Sunday, September 17, 2006

Luxury yacht boom continues as new money floods in

Size matters in luxury yachting and for now there is no sign that demand for bigger and faster vessels is slowing, according to industry players at the Cannes boat show this week.

Driven by new money from emerging markets like Russia, low interest rates and technology that allows people to use their ships as mobile offices and enjoy all the comforts of home, demand for high-end yachts of over 30 meters is strong.

The boom is not limited to boat builders. Service suppliers from wine merchants to banks are benefiting, although some said they detected the first signs of moderation in the market for smaller vessels.

"My view is things are not as buoyant as the production boat manufacturers make it out to be. Anything below 30 meters seems to hang around a bit at the moment," said Russell Crump, of U.K.-based yacht brokerage Edmiston.

"Ten or 15 years ago anything over 30 meters was huge -- unbelievably big. A lot of those boats are now on the second- hand market. The most buoyant part of the market right now is mega yachts - 60 meters and up."

Paolo Vitelli, chairman and founder of Italy's Azimut Benetti SpA, which vies with Ferretti Group for leadership in the market for motor boats of up to 50 meters, said: "Anything below 45 feet is a difficult market. Anything above 45 feet is a reasonably decent market and it becomes easier the bigger you get. Below that limit (45 feet) the industry is suffering, above it the industry is enjoying."

"Last summer there was absolutely a shortage of boats for charter above 60 meters. There was enormous demand that was unsatisfied," he said. The result was soaring rates, but people still paid.

"We, through our Fraser yacht (charter and broker) unit, did one single charter of 7.8 million euros -- something like half a million a week plus, that is without paying for fuel, berths and tipping the crew."

Michael Kurtz, managing director of leading yacht insurance broker Pantaenius, estimates in 1990 there were around 800 yachts in Europe of over 20 meters.
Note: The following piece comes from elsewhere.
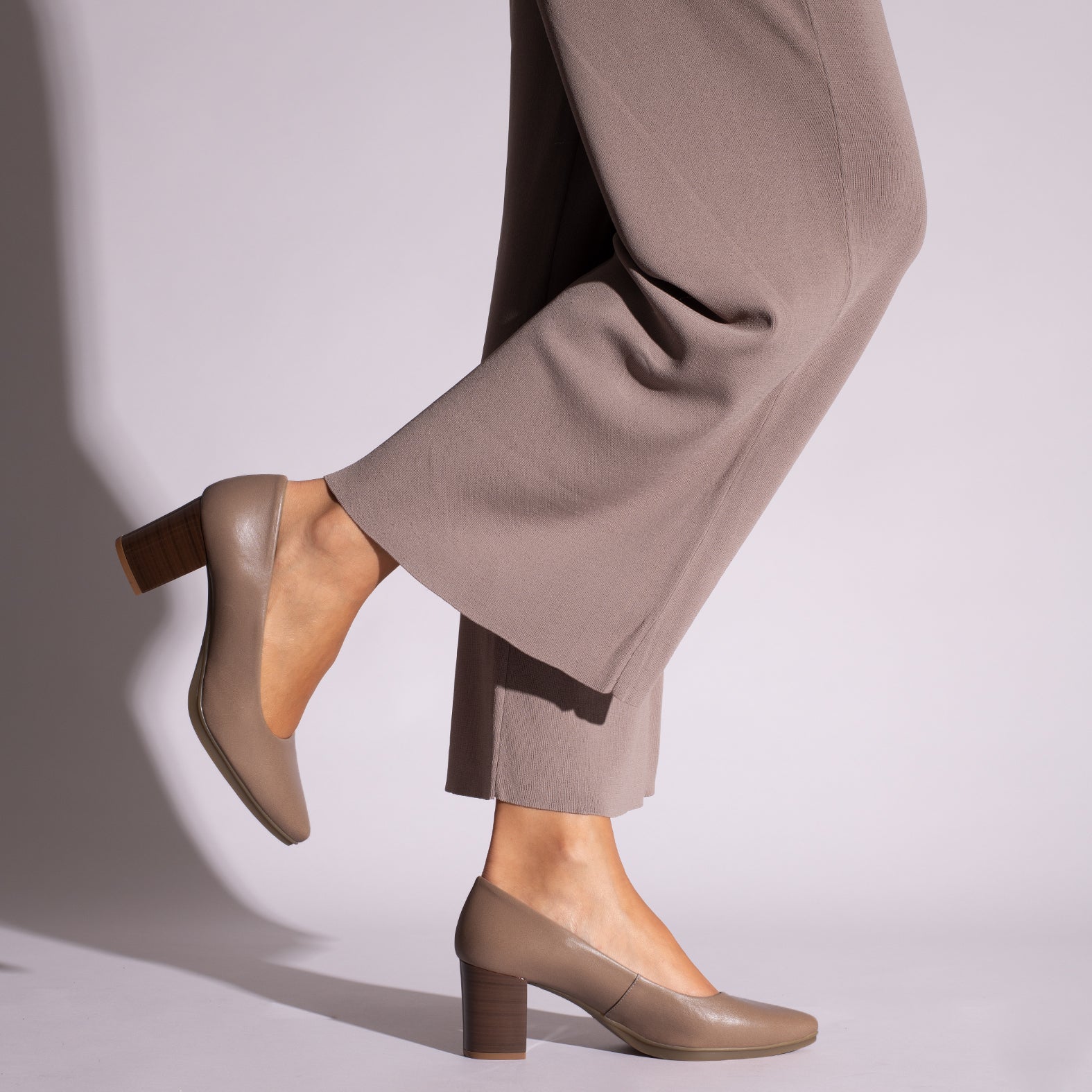 URBAN S SALON - NUDE mid heel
Now there are about 30,000.

"What has happened in this industry in the last 10 year is phenomenal. Growth is definitely coming from the big boats of 2.5 million to 5.0 million euros and more," he said.

The sums involved are huge. Gabriele Del Torchio, chief executive officer of Ferretti Group, estimated the market was already worth more than 11 billion euros.

Edmiston's Crump said demand for super yachts costing upwards of 65 million euros to build was so strong that those lucky enough to have boats on order could sell them when they were delivered for profits approaching 50 percent, challenging the norm that boats are a depreciating asset.

Barclays Marine Finance, which began expanding outside Britain four years ago, said it too had noticed the shift. "Four years ago our average loan was 70,000 to 75,000 euros. Now it's 250,000 to 300,000 euros. Our biggest lend to date was 15 million euros, but we are looking to go beyond that," said Marine Sales Manager Christine Chadwick.

The unit expects to do 250 million euros of new business this year compared with around 40 million four years ago.

"The top end of the market has grown for two years and we anticipate it will grow for another two years," she said. "People at the top end are not affected by economic trends, such as higher interest rates, in the same way as people at the lower end."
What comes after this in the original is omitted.